Everyone from Wawa west to the Manitoba border soon demanded an explanation. A representative from the corporation apologized and admitted to the omission as an error. Error? How can one omit more than half of the province and call it a simple error?

Then there was a comment by a Ministry of Transportation spokesman on our local CBC radio news broadcast about the ever-present, ongoing subject of a divided Trans-Canada Highway through Northwestern Ontario. I shall never forget the spokesman’s brain-cramp comment (and I quote it at as accurately as I can recall): “A divided highway is not necessarily safer . . .” I wonder what he was smoking that day about 10 years ago.

Historically, Ontario has been the economic engine of the entire country — the biggest by population, richest, and most powerful. Yet Ontario is the only province in Canada that does not have a divided highway through it.

Di Matteo’s intelligent commentary talks about regional government. What I take from his comments is that Queen’s Park is too far away, too ignorant of our needs, cannot and never will politically prioritize N.W.O. needs relative to the populous south and that we need and must have much more control over our own future.

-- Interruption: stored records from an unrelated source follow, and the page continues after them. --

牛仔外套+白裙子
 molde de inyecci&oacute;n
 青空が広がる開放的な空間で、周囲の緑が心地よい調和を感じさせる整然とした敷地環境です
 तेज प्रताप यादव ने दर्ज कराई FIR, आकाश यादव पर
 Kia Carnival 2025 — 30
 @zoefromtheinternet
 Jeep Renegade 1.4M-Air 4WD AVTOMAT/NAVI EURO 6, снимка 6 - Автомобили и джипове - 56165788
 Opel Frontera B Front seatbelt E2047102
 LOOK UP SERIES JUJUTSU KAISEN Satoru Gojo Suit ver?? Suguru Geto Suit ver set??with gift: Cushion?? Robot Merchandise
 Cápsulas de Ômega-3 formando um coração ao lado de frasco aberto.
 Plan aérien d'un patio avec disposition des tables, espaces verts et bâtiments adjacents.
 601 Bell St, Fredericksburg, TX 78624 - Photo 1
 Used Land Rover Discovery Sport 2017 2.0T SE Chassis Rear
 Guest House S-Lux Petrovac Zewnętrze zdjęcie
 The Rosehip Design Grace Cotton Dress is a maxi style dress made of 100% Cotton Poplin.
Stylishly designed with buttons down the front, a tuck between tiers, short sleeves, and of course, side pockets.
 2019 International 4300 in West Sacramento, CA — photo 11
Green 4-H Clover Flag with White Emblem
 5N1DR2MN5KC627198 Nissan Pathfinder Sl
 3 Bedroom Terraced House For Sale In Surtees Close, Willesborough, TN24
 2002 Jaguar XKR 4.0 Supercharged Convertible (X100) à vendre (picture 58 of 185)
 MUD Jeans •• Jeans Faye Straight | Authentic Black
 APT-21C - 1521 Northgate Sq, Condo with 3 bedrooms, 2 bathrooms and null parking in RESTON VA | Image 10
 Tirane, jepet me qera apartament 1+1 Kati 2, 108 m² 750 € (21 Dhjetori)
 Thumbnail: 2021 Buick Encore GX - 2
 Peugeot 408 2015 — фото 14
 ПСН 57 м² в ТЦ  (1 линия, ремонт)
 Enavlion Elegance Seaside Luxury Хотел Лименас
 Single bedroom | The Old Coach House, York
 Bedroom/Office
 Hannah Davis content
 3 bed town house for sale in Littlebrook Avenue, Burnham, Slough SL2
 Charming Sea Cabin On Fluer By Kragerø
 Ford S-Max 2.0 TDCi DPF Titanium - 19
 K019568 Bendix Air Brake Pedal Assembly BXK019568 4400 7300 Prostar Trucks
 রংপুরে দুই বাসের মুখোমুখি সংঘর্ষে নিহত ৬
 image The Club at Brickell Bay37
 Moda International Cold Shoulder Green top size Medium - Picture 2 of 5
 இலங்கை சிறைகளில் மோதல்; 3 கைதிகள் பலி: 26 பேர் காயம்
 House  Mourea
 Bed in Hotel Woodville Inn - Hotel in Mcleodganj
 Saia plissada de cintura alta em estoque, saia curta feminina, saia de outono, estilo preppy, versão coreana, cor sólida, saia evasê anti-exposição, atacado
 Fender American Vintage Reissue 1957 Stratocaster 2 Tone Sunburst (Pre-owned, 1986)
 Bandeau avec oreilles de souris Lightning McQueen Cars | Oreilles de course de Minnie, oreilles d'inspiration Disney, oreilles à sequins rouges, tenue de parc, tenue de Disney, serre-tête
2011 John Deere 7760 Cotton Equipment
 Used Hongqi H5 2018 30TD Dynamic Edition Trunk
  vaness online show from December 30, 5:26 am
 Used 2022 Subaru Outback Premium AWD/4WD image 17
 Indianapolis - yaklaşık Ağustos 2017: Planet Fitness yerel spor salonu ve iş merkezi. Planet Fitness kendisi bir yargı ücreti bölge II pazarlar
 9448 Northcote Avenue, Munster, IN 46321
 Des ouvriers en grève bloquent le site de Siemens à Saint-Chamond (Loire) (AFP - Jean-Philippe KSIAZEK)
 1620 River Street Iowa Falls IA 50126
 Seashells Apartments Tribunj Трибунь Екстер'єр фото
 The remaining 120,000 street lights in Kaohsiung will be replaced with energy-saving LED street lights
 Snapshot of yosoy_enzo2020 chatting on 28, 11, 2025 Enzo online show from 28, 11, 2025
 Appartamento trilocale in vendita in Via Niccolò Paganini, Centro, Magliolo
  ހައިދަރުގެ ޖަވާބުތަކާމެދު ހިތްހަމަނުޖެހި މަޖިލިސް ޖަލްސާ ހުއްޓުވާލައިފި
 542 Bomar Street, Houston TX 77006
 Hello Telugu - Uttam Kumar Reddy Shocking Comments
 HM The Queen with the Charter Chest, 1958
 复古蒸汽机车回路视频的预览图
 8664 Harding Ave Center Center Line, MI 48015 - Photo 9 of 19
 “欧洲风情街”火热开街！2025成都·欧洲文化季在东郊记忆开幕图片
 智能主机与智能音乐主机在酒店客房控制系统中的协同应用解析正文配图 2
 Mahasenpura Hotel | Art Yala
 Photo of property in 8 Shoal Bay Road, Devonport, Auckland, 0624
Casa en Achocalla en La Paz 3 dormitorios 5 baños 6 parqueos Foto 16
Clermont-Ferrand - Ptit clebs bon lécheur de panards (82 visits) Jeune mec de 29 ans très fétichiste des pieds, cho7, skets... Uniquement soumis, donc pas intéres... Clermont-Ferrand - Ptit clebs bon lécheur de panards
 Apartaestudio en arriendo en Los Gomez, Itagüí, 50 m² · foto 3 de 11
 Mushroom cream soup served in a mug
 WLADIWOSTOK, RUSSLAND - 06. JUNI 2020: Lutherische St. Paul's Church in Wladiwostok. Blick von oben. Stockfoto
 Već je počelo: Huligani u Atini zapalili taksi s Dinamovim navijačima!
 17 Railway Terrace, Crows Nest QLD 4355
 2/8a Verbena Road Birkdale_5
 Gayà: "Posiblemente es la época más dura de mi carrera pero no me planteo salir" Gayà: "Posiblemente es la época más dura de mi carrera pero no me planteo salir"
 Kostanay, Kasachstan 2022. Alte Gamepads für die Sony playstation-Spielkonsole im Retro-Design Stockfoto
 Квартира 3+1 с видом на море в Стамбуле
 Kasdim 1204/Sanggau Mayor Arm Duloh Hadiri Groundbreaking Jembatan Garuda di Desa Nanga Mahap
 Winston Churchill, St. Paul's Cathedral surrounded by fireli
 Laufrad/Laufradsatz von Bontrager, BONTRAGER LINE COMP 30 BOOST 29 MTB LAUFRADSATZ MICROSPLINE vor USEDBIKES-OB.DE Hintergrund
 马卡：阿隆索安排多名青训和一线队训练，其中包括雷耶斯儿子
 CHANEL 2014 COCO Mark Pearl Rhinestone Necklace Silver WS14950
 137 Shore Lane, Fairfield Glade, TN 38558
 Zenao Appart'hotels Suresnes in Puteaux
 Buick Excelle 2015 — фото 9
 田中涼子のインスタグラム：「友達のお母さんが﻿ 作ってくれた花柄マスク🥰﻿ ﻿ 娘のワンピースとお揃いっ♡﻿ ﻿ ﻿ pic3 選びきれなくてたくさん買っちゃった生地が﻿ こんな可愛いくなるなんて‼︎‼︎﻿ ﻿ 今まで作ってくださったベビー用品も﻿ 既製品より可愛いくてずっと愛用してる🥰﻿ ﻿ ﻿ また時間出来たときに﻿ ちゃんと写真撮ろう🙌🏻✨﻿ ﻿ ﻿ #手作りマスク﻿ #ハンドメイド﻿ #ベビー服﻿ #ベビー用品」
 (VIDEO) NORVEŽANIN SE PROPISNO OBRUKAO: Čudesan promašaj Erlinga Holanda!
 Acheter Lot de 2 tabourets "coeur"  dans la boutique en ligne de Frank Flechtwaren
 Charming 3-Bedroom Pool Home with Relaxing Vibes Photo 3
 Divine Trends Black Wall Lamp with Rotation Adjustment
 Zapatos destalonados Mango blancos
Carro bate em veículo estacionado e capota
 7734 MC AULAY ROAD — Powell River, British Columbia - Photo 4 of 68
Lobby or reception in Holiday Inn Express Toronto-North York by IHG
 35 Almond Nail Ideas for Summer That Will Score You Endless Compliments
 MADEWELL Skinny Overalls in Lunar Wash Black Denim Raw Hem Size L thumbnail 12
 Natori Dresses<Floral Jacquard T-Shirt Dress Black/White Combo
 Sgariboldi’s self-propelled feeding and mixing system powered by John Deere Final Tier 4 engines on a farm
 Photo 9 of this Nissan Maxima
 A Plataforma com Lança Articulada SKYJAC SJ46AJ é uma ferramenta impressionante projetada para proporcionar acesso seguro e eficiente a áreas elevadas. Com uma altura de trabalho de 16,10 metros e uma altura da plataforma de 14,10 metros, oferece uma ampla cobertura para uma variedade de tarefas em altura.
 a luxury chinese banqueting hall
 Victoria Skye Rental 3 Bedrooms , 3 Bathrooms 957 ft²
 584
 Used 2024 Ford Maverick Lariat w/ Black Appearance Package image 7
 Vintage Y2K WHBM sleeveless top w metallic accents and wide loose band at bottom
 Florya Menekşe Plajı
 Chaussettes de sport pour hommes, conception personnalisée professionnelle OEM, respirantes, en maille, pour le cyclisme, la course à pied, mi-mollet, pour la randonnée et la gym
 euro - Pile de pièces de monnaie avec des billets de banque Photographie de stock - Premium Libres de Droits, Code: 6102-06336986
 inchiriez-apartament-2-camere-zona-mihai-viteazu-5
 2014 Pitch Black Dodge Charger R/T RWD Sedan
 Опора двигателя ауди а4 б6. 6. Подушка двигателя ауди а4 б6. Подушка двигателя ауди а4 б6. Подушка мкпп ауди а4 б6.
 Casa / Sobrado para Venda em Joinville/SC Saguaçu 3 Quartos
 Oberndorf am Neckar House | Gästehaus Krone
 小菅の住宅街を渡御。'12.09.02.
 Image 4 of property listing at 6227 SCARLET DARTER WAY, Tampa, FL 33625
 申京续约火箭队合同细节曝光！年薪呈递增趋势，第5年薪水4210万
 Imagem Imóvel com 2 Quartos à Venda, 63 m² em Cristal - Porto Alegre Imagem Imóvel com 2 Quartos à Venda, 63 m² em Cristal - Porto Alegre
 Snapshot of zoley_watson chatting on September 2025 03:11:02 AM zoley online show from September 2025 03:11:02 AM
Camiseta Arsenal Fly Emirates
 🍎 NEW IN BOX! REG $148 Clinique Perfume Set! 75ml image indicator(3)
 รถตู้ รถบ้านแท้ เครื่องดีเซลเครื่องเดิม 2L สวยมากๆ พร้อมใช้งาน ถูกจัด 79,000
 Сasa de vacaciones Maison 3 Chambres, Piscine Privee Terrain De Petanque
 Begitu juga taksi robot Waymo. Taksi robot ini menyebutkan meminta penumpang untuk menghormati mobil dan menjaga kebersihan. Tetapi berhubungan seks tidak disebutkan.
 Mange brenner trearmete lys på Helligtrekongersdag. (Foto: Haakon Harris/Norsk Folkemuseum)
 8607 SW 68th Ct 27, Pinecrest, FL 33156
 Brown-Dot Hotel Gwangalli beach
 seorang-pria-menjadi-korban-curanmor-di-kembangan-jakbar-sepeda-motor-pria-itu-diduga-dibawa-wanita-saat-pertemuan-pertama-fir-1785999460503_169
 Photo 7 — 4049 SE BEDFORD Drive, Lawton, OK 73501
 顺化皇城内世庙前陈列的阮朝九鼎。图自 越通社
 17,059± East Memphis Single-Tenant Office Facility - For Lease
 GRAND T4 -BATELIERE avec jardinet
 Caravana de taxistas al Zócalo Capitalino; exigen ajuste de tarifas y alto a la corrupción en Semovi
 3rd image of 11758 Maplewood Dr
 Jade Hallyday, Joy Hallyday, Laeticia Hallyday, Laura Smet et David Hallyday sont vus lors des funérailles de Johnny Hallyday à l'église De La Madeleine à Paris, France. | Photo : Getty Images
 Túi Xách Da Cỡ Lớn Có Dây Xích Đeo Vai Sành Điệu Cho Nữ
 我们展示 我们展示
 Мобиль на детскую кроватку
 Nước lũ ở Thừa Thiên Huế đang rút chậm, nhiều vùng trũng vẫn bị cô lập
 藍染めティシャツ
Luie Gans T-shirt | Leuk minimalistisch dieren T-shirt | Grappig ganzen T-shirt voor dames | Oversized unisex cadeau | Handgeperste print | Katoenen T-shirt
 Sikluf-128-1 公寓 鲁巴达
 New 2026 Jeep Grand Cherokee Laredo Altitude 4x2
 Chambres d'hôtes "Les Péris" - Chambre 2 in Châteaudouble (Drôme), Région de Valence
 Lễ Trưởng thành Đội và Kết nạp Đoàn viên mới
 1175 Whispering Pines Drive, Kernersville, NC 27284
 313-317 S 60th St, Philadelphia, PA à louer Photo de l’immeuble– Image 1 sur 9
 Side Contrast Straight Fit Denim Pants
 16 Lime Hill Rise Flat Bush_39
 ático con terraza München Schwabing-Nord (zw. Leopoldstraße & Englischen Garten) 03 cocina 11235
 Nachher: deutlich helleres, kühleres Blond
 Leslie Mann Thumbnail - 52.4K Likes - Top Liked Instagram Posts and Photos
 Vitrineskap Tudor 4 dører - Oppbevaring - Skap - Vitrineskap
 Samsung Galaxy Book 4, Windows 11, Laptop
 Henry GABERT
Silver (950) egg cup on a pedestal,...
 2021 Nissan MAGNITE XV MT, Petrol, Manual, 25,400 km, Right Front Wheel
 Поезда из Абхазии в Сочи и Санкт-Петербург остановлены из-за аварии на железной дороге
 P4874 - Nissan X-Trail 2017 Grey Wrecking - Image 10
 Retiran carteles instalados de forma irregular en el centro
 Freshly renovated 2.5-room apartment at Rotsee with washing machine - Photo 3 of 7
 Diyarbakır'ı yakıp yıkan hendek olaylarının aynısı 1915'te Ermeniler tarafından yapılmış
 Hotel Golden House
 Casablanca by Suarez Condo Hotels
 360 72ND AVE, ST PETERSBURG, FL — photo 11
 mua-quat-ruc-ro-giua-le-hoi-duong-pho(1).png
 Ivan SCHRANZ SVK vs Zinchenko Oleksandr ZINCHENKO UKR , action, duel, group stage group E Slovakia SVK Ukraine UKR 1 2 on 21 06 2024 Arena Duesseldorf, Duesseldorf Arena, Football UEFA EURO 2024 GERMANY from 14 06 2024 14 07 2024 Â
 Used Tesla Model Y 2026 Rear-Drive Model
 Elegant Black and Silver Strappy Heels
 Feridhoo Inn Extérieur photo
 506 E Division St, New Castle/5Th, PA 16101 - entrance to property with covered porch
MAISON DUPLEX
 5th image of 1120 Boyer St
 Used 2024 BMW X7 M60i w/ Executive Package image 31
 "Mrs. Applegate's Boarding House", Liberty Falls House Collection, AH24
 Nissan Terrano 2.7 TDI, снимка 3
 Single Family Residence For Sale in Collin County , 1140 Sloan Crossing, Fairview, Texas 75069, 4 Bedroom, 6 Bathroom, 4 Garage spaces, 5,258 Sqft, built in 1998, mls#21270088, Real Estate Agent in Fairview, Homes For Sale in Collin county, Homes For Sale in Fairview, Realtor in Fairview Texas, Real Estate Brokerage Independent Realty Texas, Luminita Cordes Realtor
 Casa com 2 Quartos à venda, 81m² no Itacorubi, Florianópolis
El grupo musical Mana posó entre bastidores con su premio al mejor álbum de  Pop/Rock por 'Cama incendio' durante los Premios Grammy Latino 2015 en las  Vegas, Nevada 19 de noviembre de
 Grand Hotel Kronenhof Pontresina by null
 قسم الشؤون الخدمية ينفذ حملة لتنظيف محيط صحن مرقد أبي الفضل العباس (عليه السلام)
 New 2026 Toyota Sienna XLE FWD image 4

We do have some interesting options:

• Regional government status;

• A separate province;

• Create/reincarnate a Northern/Northwestern political party;

• Join Manitoba;

• Investigate them all (with lots of publicity) to instill concern at Queen’s Park as in: “the squeaky wheel gets the grease.”

What we do know is that the existing political structure, regardless of party, is not working nor will it ever work. Regardless of the toe-the-line smoke-and-mirrors claims of progress in N.W.O., our middle class is being killed.

But, we have some powerful options given lessons learned from our First Nations’ rejections of the status quo and their successes in being heard. The Ring of Fire is a trump card that we should play with tenacity and conviction for our exclusive benefit.